From: "Paul E. McKenney" <paulmck@linux.vnet.ibm.com>
To: Pranith Kumar <bobby.prani@gmail.com>
Cc: Dipankar Sarma <dipankar@in.ibm.com>,
"open list:READ-COPY UPDATE..." <linux-kernel@vger.kernel.org>
Subject: Re: [RFC PATCH 1/1] kernel/rcu/tree.c: correct a check for grace period in progress
Date: Wed, 11 Jun 2014 11:18:40 -0700 [thread overview]
Message-ID: <20140611181840.GA26554@linux.vnet.ibm.com> (raw)
In-Reply-To: <20140611044242.GY4581@linux.vnet.ibm.com>
On Tue, Jun 10, 2014 at 09:42:42PM -0700, Paul E. McKenney wrote:
> On Wed, Jun 11, 2014 at 12:23:57AM -0400, Pranith Kumar wrote:
> > Hi Paul,
> >
> > On Wed, Jun 11, 2014 at 12:12 AM, Paul E. McKenney
> > <paulmck@linux.vnet.ibm.com> wrote:
> > >> if (rnp->gpnum != rnp->completed ||
> > >> - ACCESS_ONCE(rnp->gpnum) != ACCESS_ONCE(rnp->completed)) {
> > >> + ACCESS_ONCE(rnp_root->gpnum) != ACCESS_ONCE(rnp_root->completed)) {
> > >
> > > At this point in the code, we are checking the current rcu_node structure,
> > > which might or might not be the root. If it is not the root, we absolutely
> > > cannot compare against the root because we don't yet hold the root's lock.
> > >
> >
> > I was a bit thrown by the double checking which is being done
> > (rnp->gpnum != rnp->complete) in that if condition. Once without
> > ACCESS_ONCE and one with. Is there any particular reason for this?
> >
> > I now understand that we are comparing ->gpnum and ->completed of the
> > root node which might change from under us if we don't hold the root's
> > lock. I will keep looking :)
>
> Hmmm... Now that you mention it, that does look a bit strange.

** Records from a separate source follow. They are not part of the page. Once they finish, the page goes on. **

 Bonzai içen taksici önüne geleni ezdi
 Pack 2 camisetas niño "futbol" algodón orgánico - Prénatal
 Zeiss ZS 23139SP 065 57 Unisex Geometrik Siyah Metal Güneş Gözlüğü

And it turns out that you were right to begin with! I queue your change,
but with a full explanation in the commit log and with some additions to
the comment. Please see below.
Thanx, Paul
------------------------------------------------------------------------
rcu: Check both root and current rcu_node when setting up future grace period
The rcu_start_future_gp() function checks the current rcu_node's ->gpnum
and ->completed twice, once without ACCESS_ONCE() and once with it.
Which is pointless because we hold that rcu_node's ->lock at that point.

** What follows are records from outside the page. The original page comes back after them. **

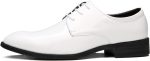 men Pointed-Toe Tuxedo Dress Shoes Casual Slip-on Loafer - Image 2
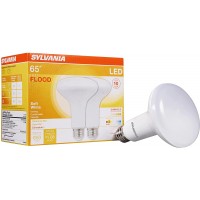 SYLVANIA LED Flood BR30 Light Bulb 65W Equivalent Efficient 9W 10 Year 650 Lumens Dimmable 2700K Soft White 2 pack 73954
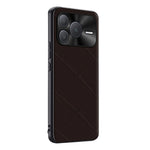 For Honor Power2 5G Cover med X-mønster i TPU, PU-læder og PC - Anti-falds telefoncover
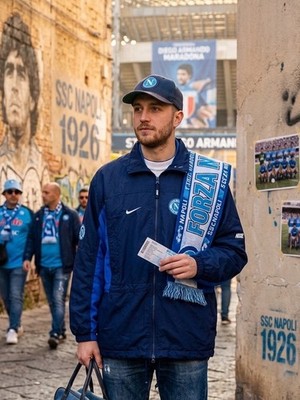 Nike SSC Napoli 1997-1998 Vintage Football Soccer Rain Wind Jacket
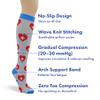 Nurse Yard Compression Socks for Nurses - Women & Men - 20-30mmHg Graduated Compression, Zero-Toe Compression, For Medical Staff, Nursing, Athletic Support Such As Running, Cycling, Hiking - 1 Pair view 3
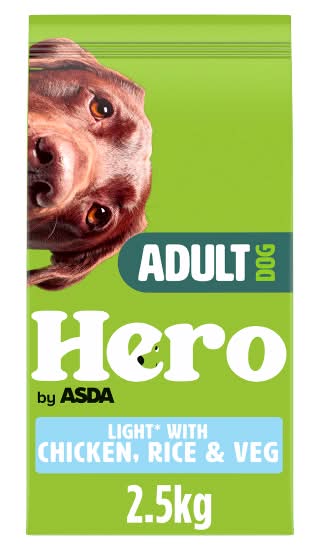 ASDA Hero Adult Light With Chicken Rice & Vegetables Dog Food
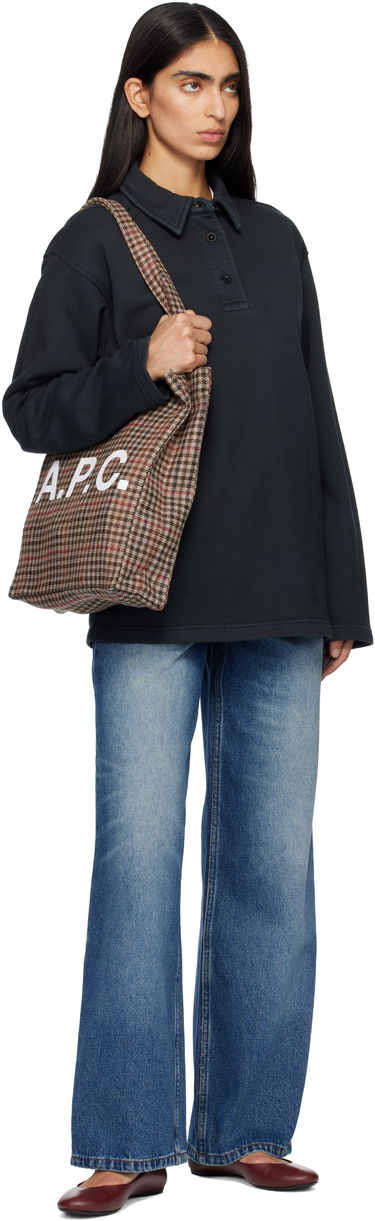 Поло тениска A.P.C. Long-Sleeve Polo Черно | COHMC-M37002, 3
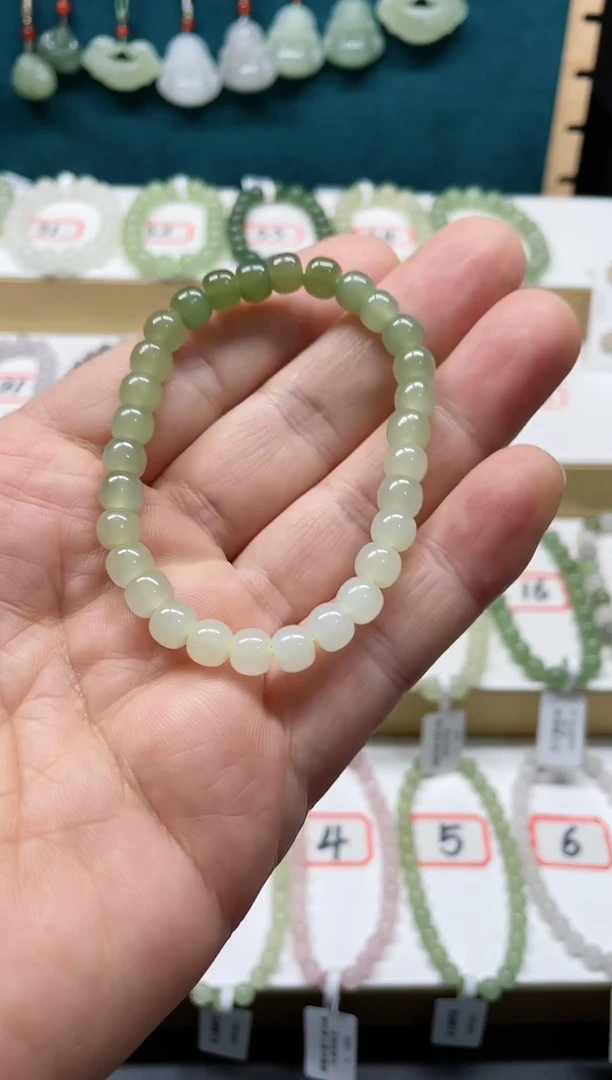 【闪购商品】和田玉手链未镶嵌JB6*7
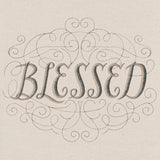 Classic Calligraphy - Blessed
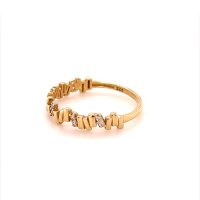 Златен дамски пръстен 1,50гр. размер:56 14кр. проба:585 модел:17806-6, снимка 2 - Пръстени - 41485966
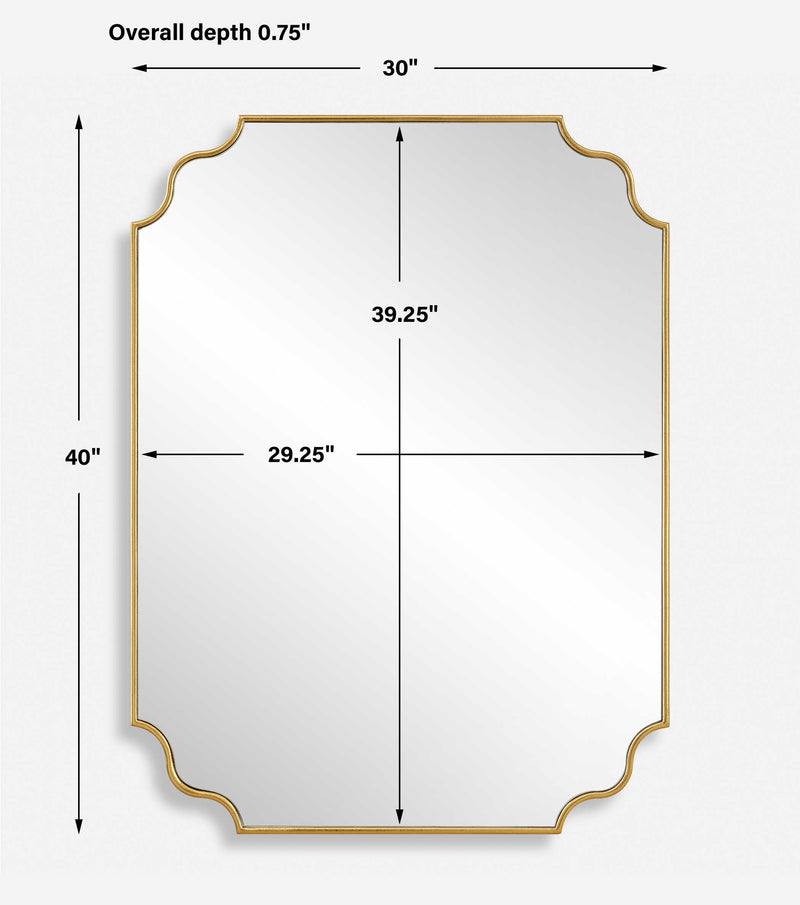 Uttermost Lennyn Gold Vanity Mirror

The intent was to check the current rcu_node structure and the root
rcu_node structure, the latter locklessly with ACCESS_ONCE(). This
commit therefore makes that change.
The reason that it is safe to locklessly check the root rcu_nodes's
->gpnum and ->completed fields is that we hold the current rcu_node's
->lock, which constrains the root rcu_node's ability to change its
->gpnum and ->completed fields. Of course, if there is a single rcu_node
structure, then rnp_root==rnp, and holding the lock prevents all changes.
If there is more than one rcu_node structure, then the code updates the
fields in the following order:
1. Increment rnp_root->gpnum to start new grace period.
2. Increment rnp->gpnum to initialize the current rcu_node,
continuing initialization for the new grace period.
3. Increment rnp_root->completed to end the current grace period.
4. Increment rnp->completed to continue cleaning up after the
old grace period.
So there are four possible combinations of relative values of these
four fields:
N N N N: RCU idle, new grace period must be initiated.
Although rnp_root->gpnum might be incremented immediately
after we check, that will just result in unnecessary work.
The grace period already started, and we try to start it.
N+1 N N N: RCU grace period just started. No further change is
possible because we hold rnp->lock, so the checks of
rnp_root->gpnum and rnp_root->completed are stable.
We know that our request for a future grace period will
be seen during grace-period cleanup.
N+1 N N+1 N: RCU grace period is ongoing. Because rnp->gpnum is
different than rnp->completed, we won't even look at
rnp_root->gpnum and rnp_root->completed, so the possible
concurrent change to rnp_root->completed does not matter.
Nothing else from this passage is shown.